James Coupe said of his new role at the RCA: “Whether we think about new image circulation practices via social media and the Internet, or synthetically generated images using AI and Deepfakes, photography and image-making is at the core of how we experience and understand our world today. For artists this is an opportunity to develop experimental work that can dissolve seemingly fixed cultural hegemonies into new, more equitable configurations and possibilities. I feel privileged to take on this role at the RCA at such a crucial moment. I am looking forward to supporting the outstanding staff and students in the Photography programme, as well as developing new interdisciplinary collaborations across the College.”
Professor Ken Neil, Dean of the School of Arts & Humanities, commented: "We are very pleased and excited to welcome James to the RCA. As we build on the long-standing reputation of Photography in the School, James brings tremendous experience from his leading work for DXARTS in Seattle and from his practice as an artist.”

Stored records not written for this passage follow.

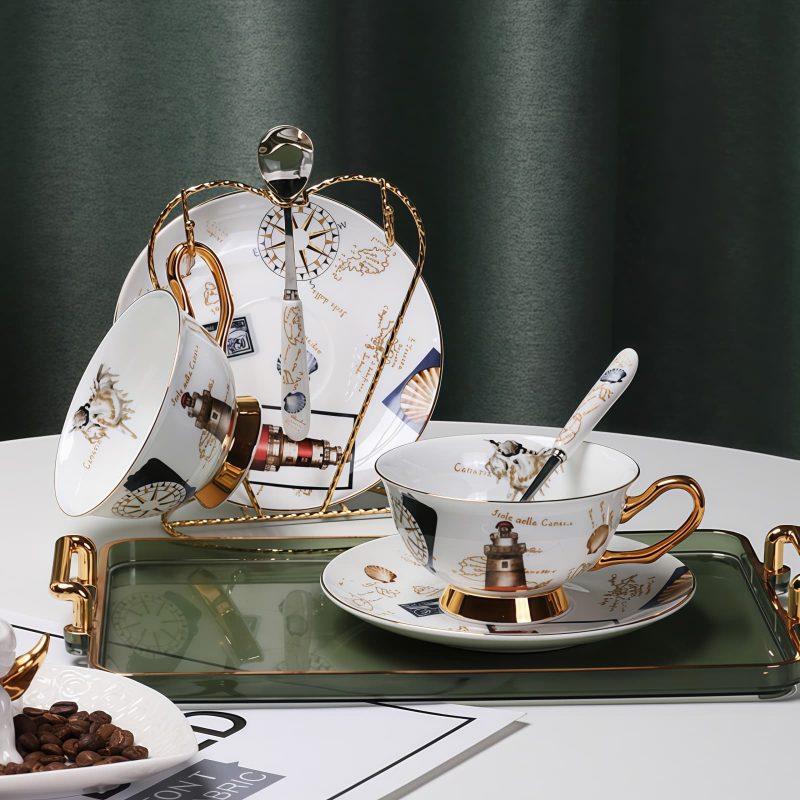 Teetasse und Unterteller Set aus Bone China im maritimen Design Ocean-Dreams Bone China Tea Cup & Saucer Set - Ocean-Inspired Design - 5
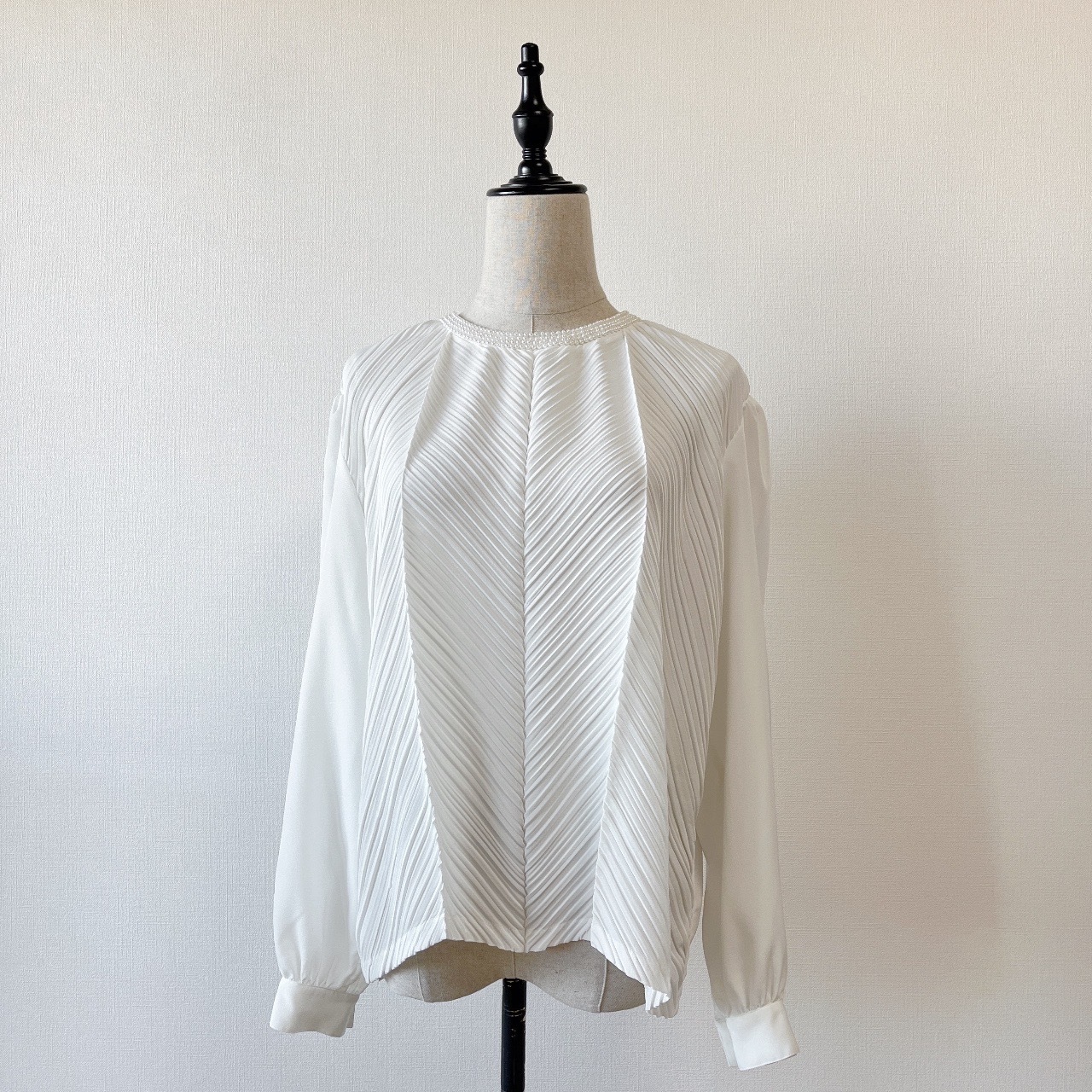 白色珍珠領古著上衣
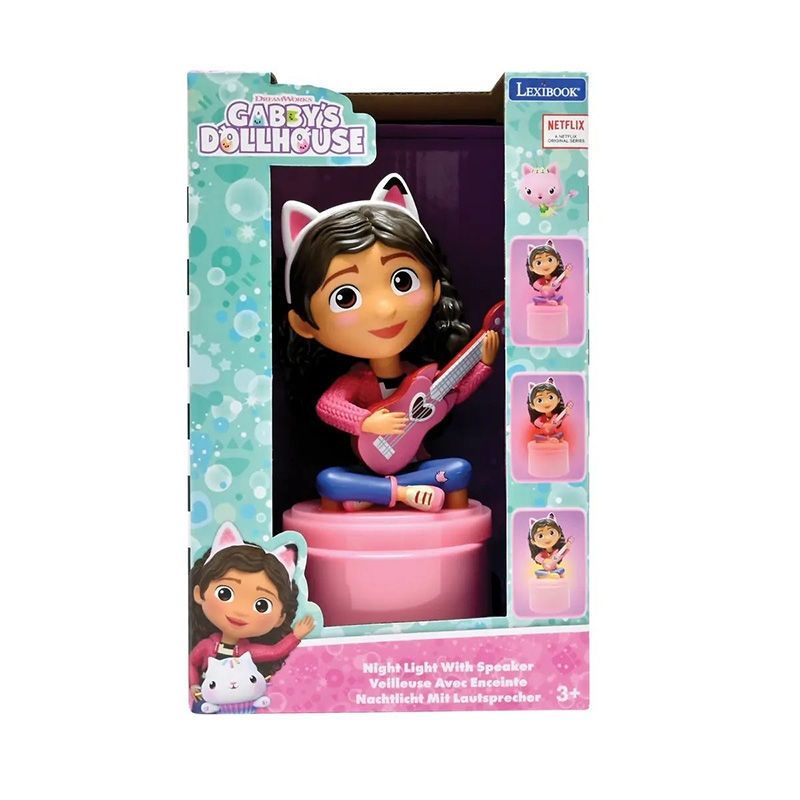 3D Φως Νυκτός Gabby's Dollhouse με Απαλό Λευκό Φωτισμό - LED Παιδικό Φωτάκι Ροζ - Lexibook NLJ01GDH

Commenting on the appointment, Professor Naren Barfield, RCA Deputy Vice-Chancellor, said: “I am delighted to be welcoming James Coupe to the RCA as our new Head of Photography. James brings an acute awareness and engagement with debates and practices around contemporary image-making in the context of technology and society, and will lead the Photography programme and its outstanding students and staff in interrogating these issues.”